The Claimant was on long term sick leave for the entire leave year 2009/2010, during which she had not taken leave nor requested that
it be carried over to the following leave year. Mrs Larner was dismissed and the claim arose from a failure to pay her in lieu of the untaken leave. The NHS argued that she was no longer entitled to leave or a payment in lieu because there had not been any request to take or carry forward leave as at the end of the leave year.

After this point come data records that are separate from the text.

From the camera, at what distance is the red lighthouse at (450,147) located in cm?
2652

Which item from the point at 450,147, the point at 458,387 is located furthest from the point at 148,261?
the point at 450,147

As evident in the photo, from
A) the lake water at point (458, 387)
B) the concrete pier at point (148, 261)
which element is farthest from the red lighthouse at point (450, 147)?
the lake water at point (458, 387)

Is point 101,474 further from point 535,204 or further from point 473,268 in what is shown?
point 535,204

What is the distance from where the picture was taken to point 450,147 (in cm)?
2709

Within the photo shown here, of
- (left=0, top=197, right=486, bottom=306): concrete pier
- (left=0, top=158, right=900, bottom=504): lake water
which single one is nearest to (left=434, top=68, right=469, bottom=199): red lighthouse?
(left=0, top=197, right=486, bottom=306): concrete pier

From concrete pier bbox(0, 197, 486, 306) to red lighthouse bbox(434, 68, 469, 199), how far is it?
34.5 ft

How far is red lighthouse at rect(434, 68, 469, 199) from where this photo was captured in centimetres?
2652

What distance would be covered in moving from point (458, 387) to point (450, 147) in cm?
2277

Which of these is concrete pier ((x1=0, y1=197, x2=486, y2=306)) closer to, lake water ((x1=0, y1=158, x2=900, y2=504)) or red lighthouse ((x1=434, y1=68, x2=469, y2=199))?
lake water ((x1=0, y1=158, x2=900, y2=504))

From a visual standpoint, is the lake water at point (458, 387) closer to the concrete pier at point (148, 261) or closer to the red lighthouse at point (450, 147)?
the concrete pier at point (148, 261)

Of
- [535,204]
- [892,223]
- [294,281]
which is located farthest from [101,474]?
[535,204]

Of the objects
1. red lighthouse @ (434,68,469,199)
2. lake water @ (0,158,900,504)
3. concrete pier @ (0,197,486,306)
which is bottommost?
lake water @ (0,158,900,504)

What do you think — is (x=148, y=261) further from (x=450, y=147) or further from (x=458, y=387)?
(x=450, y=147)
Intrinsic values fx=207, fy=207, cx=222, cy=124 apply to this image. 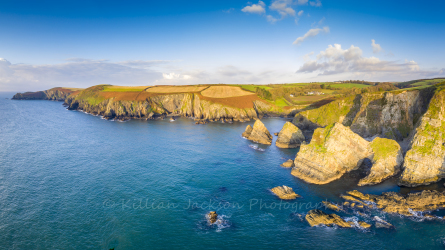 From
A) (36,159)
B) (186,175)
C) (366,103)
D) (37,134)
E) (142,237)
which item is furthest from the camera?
(37,134)

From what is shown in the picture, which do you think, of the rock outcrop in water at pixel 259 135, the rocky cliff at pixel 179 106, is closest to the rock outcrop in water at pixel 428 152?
the rock outcrop in water at pixel 259 135

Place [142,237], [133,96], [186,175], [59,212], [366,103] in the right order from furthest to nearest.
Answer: [133,96], [366,103], [186,175], [59,212], [142,237]

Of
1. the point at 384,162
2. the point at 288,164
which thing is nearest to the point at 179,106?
the point at 288,164

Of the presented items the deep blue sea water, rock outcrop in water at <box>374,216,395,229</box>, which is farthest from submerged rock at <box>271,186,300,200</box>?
rock outcrop in water at <box>374,216,395,229</box>

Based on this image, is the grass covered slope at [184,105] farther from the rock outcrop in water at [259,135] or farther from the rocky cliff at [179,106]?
the rock outcrop in water at [259,135]

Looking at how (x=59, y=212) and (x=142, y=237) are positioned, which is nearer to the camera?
(x=142, y=237)

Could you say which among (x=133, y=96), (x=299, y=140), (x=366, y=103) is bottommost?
(x=299, y=140)

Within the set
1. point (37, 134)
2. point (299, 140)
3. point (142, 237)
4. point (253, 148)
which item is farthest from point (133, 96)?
point (142, 237)

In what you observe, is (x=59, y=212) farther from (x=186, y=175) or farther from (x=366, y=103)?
(x=366, y=103) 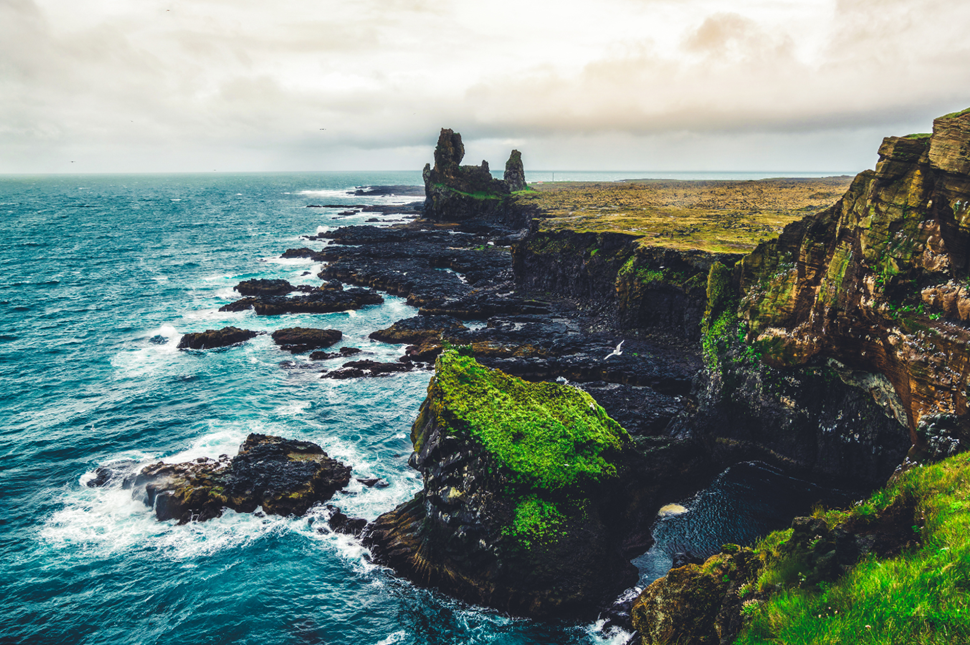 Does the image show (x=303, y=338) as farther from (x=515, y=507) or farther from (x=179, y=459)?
(x=515, y=507)

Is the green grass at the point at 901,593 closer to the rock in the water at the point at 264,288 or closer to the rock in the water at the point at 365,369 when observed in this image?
the rock in the water at the point at 365,369

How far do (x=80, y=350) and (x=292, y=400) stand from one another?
25.8 meters

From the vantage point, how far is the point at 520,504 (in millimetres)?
20688

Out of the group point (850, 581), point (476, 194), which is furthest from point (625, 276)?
point (476, 194)

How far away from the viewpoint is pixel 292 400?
37.8 metres

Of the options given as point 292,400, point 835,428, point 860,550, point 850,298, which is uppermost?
point 850,298

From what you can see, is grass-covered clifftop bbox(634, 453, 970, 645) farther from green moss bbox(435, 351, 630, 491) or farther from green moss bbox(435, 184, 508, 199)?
green moss bbox(435, 184, 508, 199)

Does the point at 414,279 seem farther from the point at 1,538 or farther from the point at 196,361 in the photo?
the point at 1,538

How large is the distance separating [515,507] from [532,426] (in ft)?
12.7

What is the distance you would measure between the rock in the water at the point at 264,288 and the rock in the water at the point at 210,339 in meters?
15.3

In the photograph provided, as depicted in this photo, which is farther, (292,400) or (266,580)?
(292,400)

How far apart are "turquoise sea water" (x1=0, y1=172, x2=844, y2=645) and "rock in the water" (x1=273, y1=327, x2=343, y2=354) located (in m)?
1.24

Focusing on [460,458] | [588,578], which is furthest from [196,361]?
[588,578]

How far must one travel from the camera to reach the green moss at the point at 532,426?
21516 millimetres
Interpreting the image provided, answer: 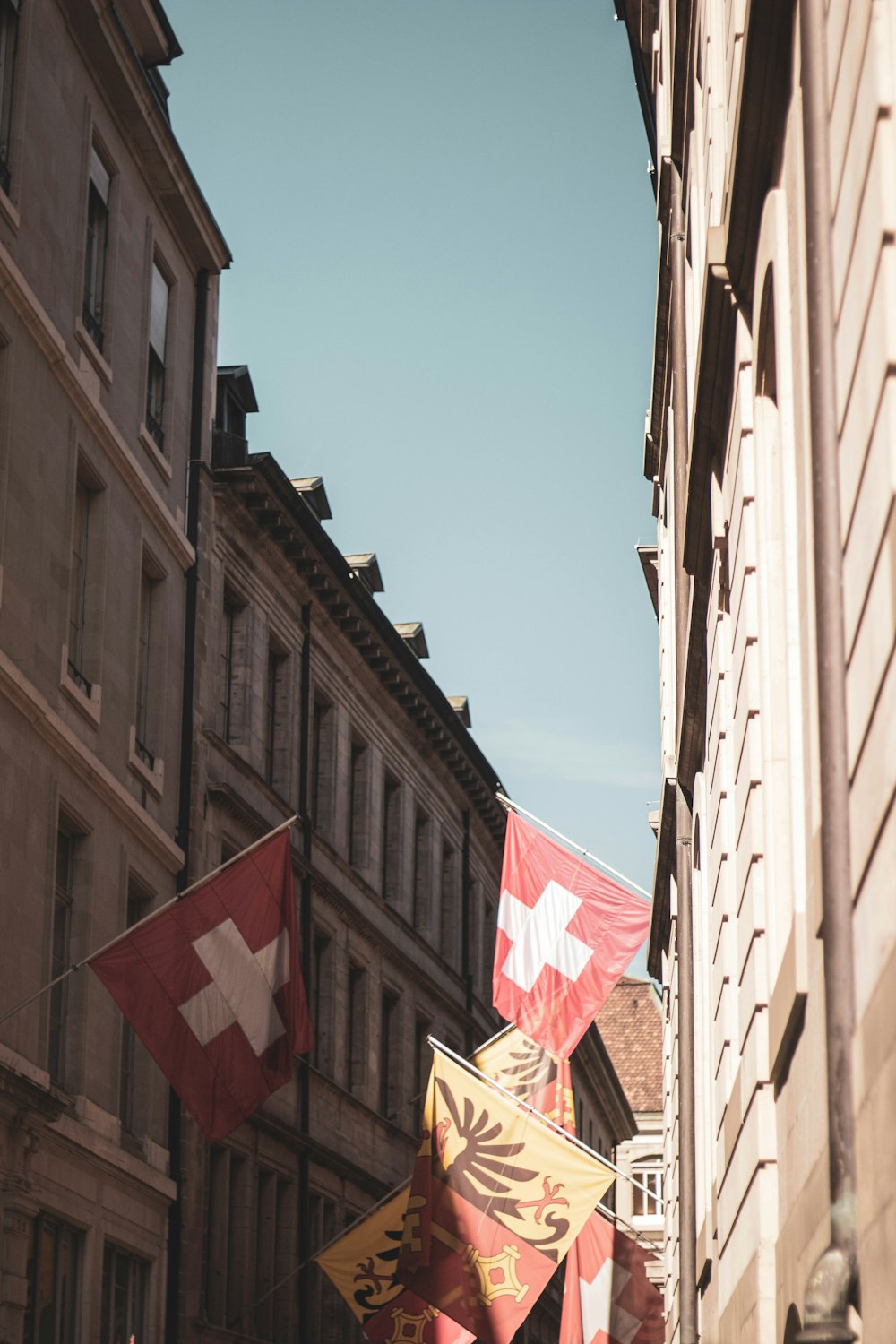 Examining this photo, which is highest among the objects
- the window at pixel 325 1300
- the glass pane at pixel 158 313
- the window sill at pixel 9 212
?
the glass pane at pixel 158 313

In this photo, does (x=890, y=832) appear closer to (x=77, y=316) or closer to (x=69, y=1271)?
(x=69, y=1271)

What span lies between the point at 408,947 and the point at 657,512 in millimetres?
11582

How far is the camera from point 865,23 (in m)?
5.62

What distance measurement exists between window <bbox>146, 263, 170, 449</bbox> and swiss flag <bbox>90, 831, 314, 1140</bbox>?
1109cm

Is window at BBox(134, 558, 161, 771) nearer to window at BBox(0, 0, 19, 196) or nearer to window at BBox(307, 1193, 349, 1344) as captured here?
window at BBox(0, 0, 19, 196)

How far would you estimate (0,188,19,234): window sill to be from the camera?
2075cm

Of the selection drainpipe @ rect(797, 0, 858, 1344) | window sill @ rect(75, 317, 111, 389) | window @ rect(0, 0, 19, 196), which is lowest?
drainpipe @ rect(797, 0, 858, 1344)

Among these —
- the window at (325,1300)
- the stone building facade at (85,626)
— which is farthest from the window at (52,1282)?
the window at (325,1300)

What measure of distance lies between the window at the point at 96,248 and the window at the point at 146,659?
345 centimetres

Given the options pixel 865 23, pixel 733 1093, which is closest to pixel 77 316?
pixel 733 1093

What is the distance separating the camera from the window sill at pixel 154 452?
2603 centimetres

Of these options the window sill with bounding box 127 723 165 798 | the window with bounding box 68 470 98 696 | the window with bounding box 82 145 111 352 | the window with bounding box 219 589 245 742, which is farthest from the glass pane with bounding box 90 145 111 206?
the window with bounding box 219 589 245 742

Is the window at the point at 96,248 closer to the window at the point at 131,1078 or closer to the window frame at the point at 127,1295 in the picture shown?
the window at the point at 131,1078

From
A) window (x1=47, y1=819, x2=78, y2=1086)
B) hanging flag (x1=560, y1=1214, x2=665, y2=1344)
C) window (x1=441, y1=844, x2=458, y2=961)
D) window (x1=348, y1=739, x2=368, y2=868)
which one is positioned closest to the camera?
window (x1=47, y1=819, x2=78, y2=1086) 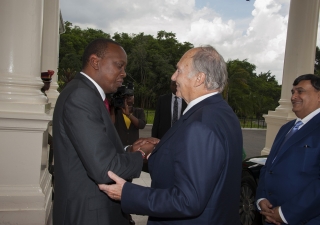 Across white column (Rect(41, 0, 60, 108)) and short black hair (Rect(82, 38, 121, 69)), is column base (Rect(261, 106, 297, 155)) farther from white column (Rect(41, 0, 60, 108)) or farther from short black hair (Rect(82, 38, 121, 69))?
short black hair (Rect(82, 38, 121, 69))

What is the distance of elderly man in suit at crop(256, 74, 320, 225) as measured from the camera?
229 centimetres

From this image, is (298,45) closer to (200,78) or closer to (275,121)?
(275,121)

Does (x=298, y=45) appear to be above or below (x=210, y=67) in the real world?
above

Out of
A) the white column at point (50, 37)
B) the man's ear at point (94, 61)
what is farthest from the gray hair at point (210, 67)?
the white column at point (50, 37)

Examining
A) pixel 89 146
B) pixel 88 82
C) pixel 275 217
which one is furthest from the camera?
pixel 275 217

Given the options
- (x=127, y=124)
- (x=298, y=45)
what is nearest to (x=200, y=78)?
(x=127, y=124)

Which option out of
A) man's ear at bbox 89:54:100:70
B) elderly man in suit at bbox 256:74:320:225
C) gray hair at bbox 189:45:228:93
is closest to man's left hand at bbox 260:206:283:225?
elderly man in suit at bbox 256:74:320:225

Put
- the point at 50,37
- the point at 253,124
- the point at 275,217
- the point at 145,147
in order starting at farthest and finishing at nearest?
the point at 253,124, the point at 50,37, the point at 275,217, the point at 145,147

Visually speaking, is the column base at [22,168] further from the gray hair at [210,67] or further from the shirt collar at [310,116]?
the shirt collar at [310,116]

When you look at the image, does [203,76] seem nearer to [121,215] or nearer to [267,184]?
[121,215]

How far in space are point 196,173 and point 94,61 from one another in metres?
1.14

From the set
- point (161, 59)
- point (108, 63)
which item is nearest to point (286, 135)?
point (108, 63)

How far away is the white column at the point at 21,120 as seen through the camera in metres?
3.46

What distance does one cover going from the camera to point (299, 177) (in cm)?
239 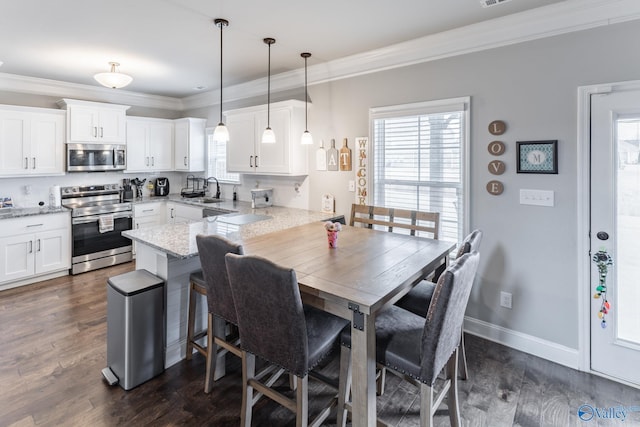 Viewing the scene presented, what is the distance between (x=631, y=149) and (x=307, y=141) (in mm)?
2439

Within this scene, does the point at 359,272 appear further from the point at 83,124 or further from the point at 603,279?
the point at 83,124

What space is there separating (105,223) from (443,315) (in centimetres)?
492

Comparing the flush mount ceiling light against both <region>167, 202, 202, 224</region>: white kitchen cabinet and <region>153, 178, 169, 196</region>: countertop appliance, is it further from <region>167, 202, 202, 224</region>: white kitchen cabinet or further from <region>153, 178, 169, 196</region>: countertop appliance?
<region>153, 178, 169, 196</region>: countertop appliance

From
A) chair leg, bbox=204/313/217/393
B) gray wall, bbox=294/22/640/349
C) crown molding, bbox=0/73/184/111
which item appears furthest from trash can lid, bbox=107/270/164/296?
crown molding, bbox=0/73/184/111

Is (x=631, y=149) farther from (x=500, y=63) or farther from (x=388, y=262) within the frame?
(x=388, y=262)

The Claimant relied on previous interpretations by the EU of Article 7. We reported on one such case Asociacion Nacional de Grandes Empresas de Distribucion (ANGED) v Federacion de Asociaciones Sindicates (FASGA) where the ECJ had decided that a worker was entitled to take paid annual leave, which had not been taken by reason of sickness, at a later date even if this meant that it was taken in a subsequent
leave year. Mrs Larner claimed that she had the right to carry forward untaken leave and be paid in lieu of that leave on the termination of her
employment, without a prior request to take leave.
The Court of Appeal stated that the recent EU case of Neidel v. Stadt Frankfurt am Main… reinforced the Claimant’s case that Article 7 did
not impose any requirement of a prior leave request and decided the following:
- She was entitled to paid annual leave in the leave year 2009/2010;
- She was prevented from taking her paid annual leave because she was sick;
- She was entitled to carry her untaken paid annual leave forward to the next leave year in 2010/11 without making a prior request; and
- She was entitled to payment on termination for the paid annual leave she had been prevented from taking because her employment was terminated in that year before she could take the carried forward leave.
As a result of a previous ECJ decision, Article 7 has direct effect against emanations of the state, such as the NHS, and therefore it was unnecessary to discuss the construction of the Working Time Regulations 1998 as would be necessary in the case of a private employer.
Even though it is a different scenario to that considered previously, the interpretation of Article 7 appears to be consistent with the EU decisions in holding that the right to annual leave should not be restricted.